In the sed vs awk (vs perl) you have to be aware that sed is the most fastest one and perl the most versatile. The reason I prefer awk is that it uses a bit of both: it’s readable, more versatile than sed and faster than perl, in fact for most regular expression handling/text processing AWK is only 25% slower than sed which isn’t much. AWK became so popular in the 80’s that people wrote almost complete programs in AWK while Kernighan (and his two co-developers) never intended it to be a complete programming language, you should use C instead. But don’t think that every awk is as good as any, I’m glad that Mac OS X ships with the one-true-awk version which is IMO the best awk version.
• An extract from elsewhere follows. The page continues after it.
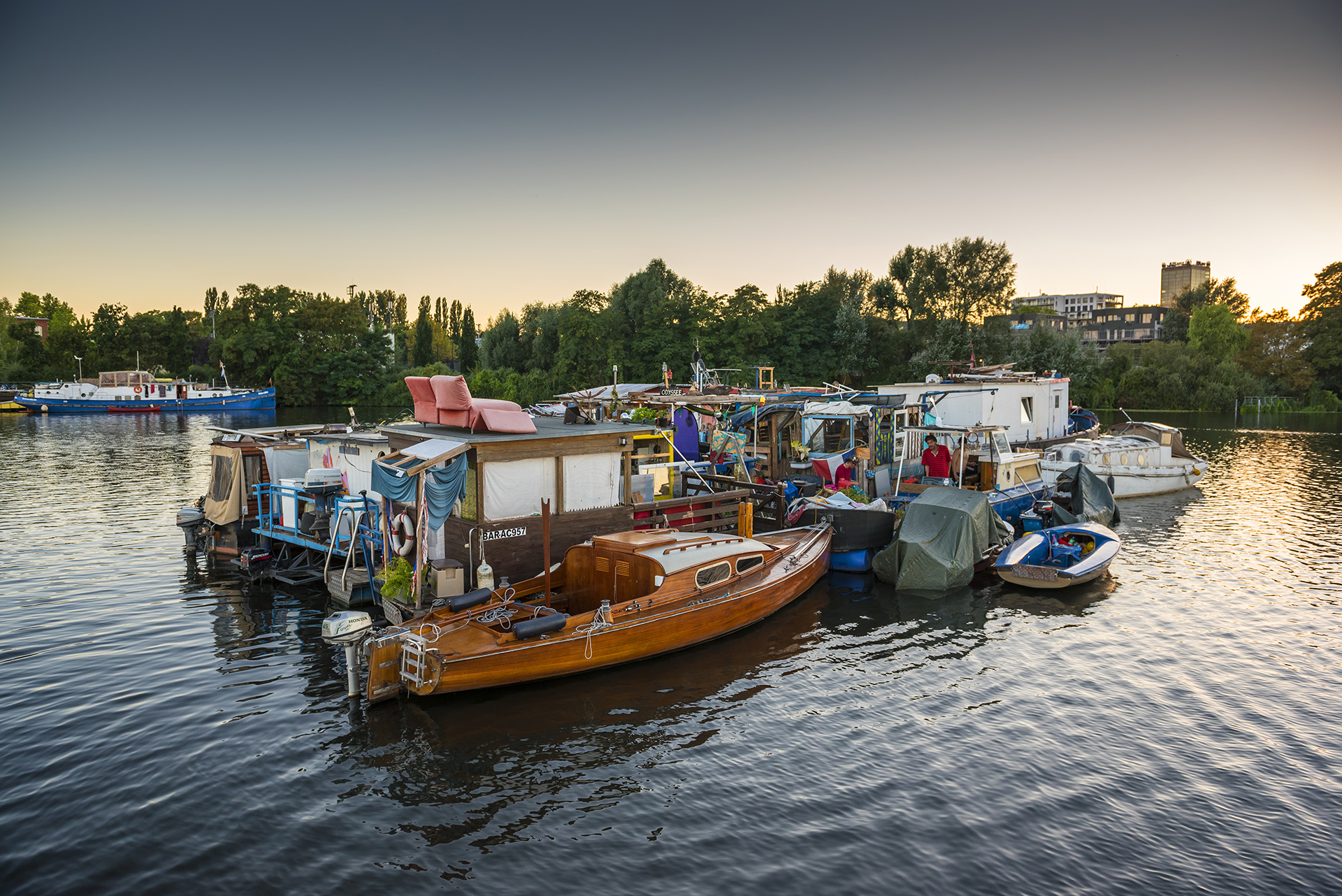 Ankerverbund, Ansammlung ankernder Boote, auf dem Rummelsburger See. Die schwimmende künstliche Insel trägt den Namen "Lummerland". Berlin, 30.08.2016
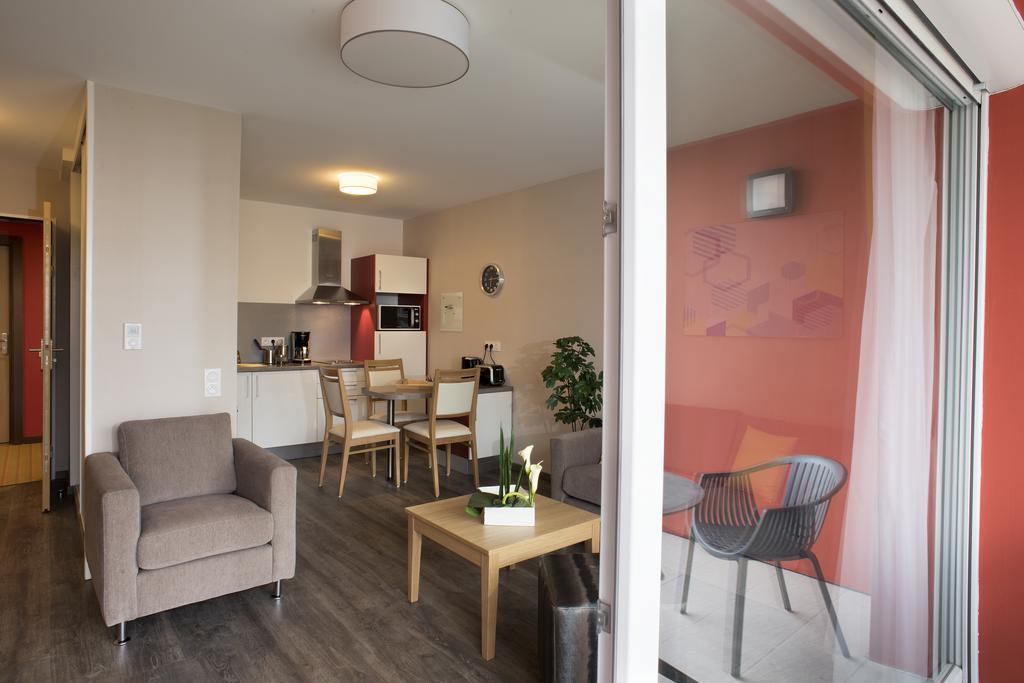 Domitys Le Palmier Du Roi Aparthotel Pau Bilik gambar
The other awk version are sort of extended versions with more functions etc… but comes with a cost: less performance. There is an byte coded version of AWK which is 4 - 6 times faster than sed. Unfortunately it’s known to be very sensitive (read:buggy).
The reason I respond to this topic because the “benchmark” has to be very inacurate. First of all, both awk and sed will use of the total cpu needed of the code that’s been executed. To perform an more accurate “becnhmark” we need to get rid of most of the overhead:
- first put all the commands in a single shell script
- put ioreg results in a single command
I came with something like this:
return do shell script "#!/bin/sh
# time the overhead
dummy1=$(python -c 'import time; print time.time()')
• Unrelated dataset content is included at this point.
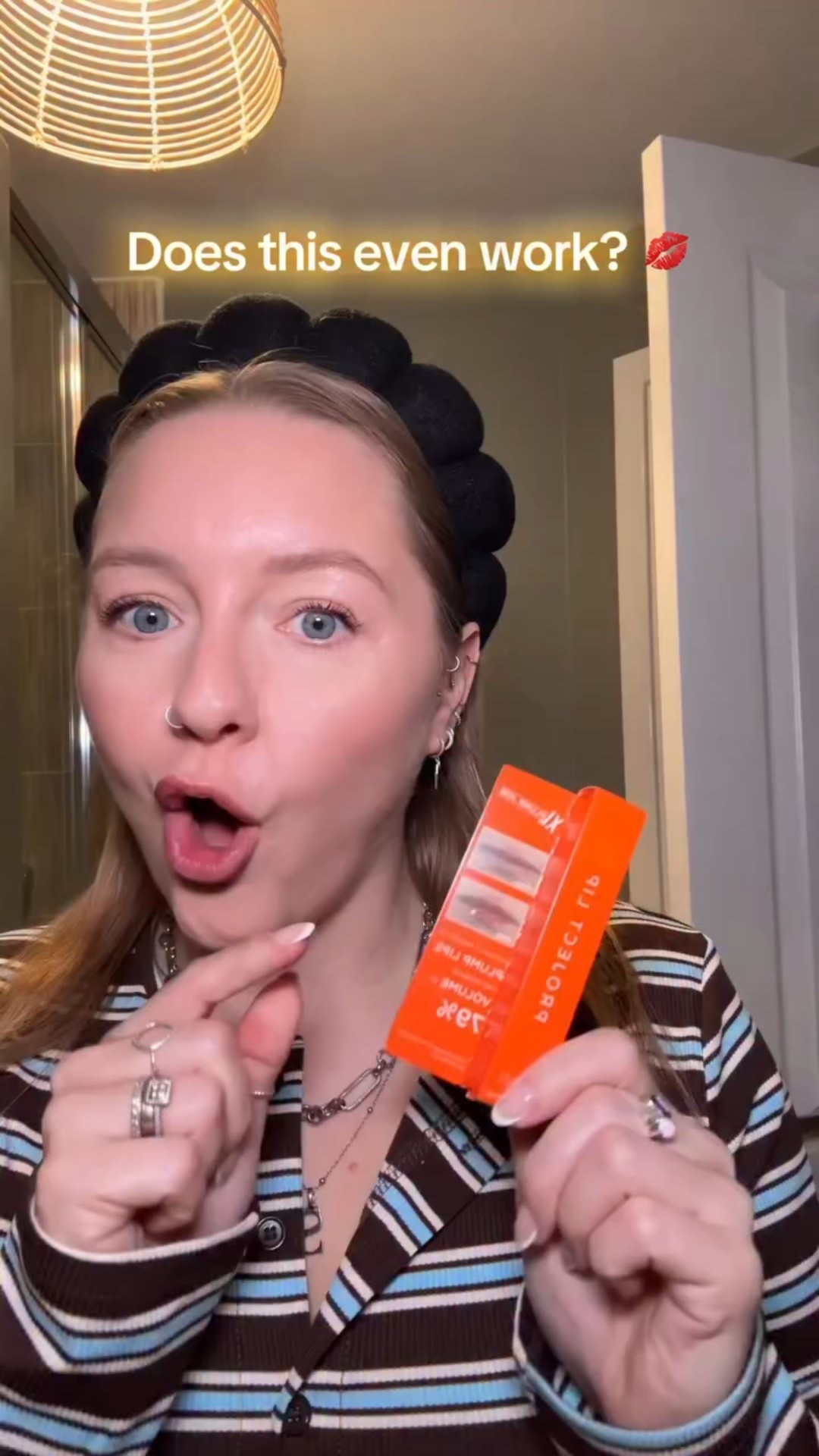 Warning: don’t lip your lips 👄😂

But goodness me it actually works! Give such a stunning shine too. 

Have you tried a lip plumper before? 

I will leave a link in my stories/Jan highlight in case you want to give it a go 😘

#lipplumper #lipplump #lipplumping #lipplumpinggloss #lipplumpgloss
dummy2=$(python -c 'import time; print time.time()')
# bash doesn't support floating point math so we're using awk (could use bc too)
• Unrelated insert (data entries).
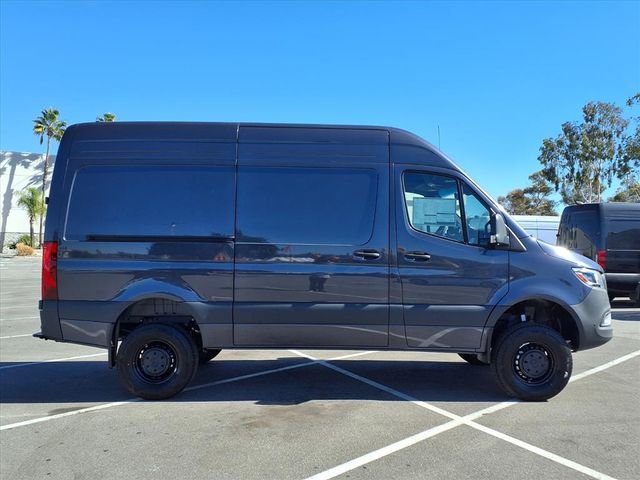 New 2026 Gray Mercedes-Benz Cargo 144 WB image 23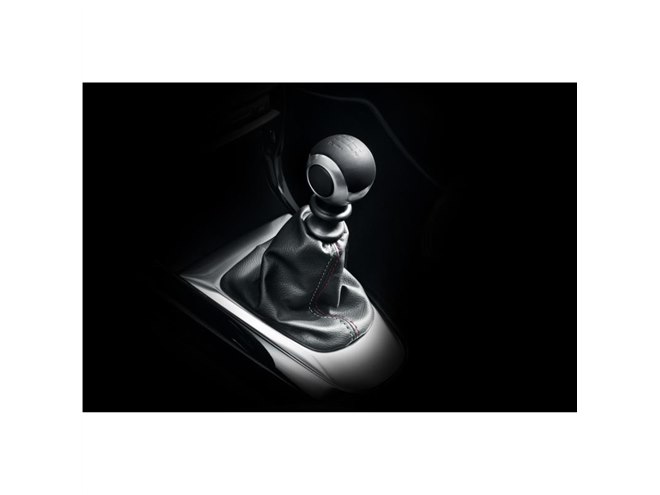 20台限定、「DS 3パフォーマンスラインMTファイナルバージョン」発売  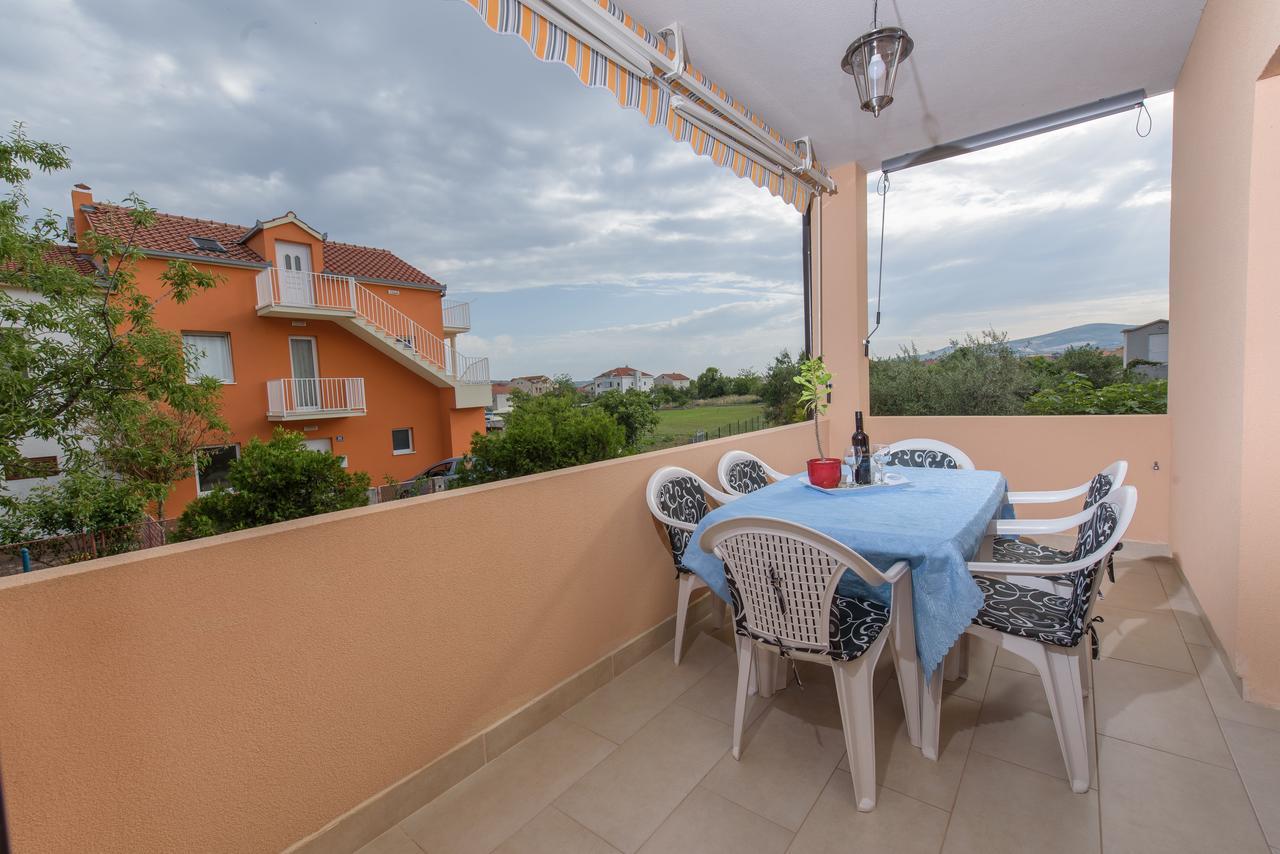 Apartment Drmic Каштела Экстерьер фото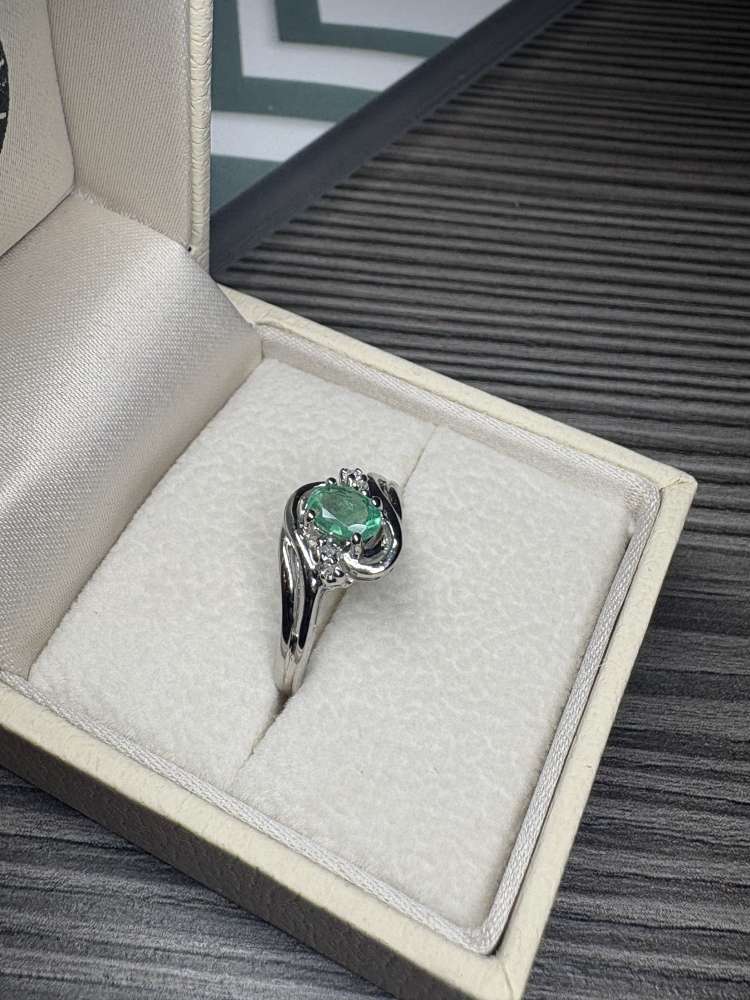 14k prsteň z bieleho zlata so smaragdom a diamantmi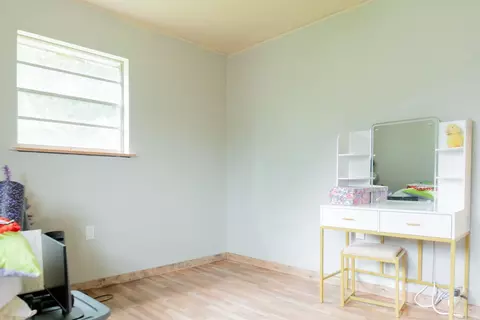 Bedroom - 904 W College, Beebe, AR 72012 photo 5 of 7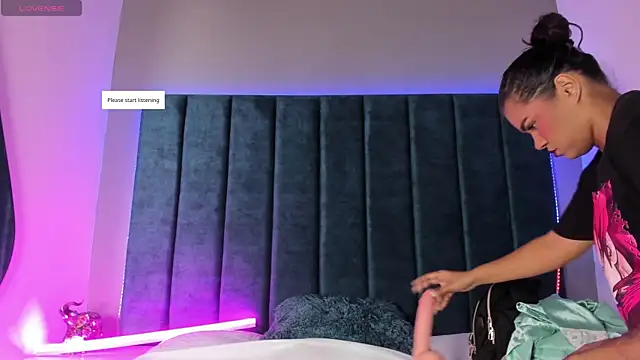 Carolina Evanss online show from March 11, 2026, 3:55 am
overhead=$(awk '{print $1-$2}' <<< \"$dummy2 $dummy1\")
# now we only want to invoke ioreg command once to avoid more overhead
buffer=$(ioreg -c IOHIDSystem)
# setting the starttime
starttime=$(python -c 'import time; print time.time()')
# repeat the awk command 1000 times
for (( i=1; i<=1000; i++ ))
do
AWK -F = '/HIDIdleTime/{R=$2} END{print R}' <<< \"$buffer\" >/dev/null
done
# we're done; time again
endtime=$(python -c 'import time; print time.time()')
# subtract the time difference so we know the elapsed time but also subtract the overhead
awktime=$(awk '{print $1-$2-$3}' <<< \"$endtime $starttime $overhead\")
echo \"Time elapsed by awk: $awktime\"
# setting the starttime
starttime=$(python -c 'import time; print time.time()')
# repeat the sed command 1000 times
for (( i=1; i<=1000; i++ ))
do
sed -n '/HIDIdleTime/ h;${g;s/[^0-9]*//p;}' <<< \"$buffer\" >/dev/null
done
# we're done; time again
endtime=$(python -c 'import time; print time.time()')
# subtract the time difference so we know the elapsed time but also subtract the overhead
sedtime=$(awk '{print $1-$2-$3}' <<< \"$endtime $starttime $overhead\")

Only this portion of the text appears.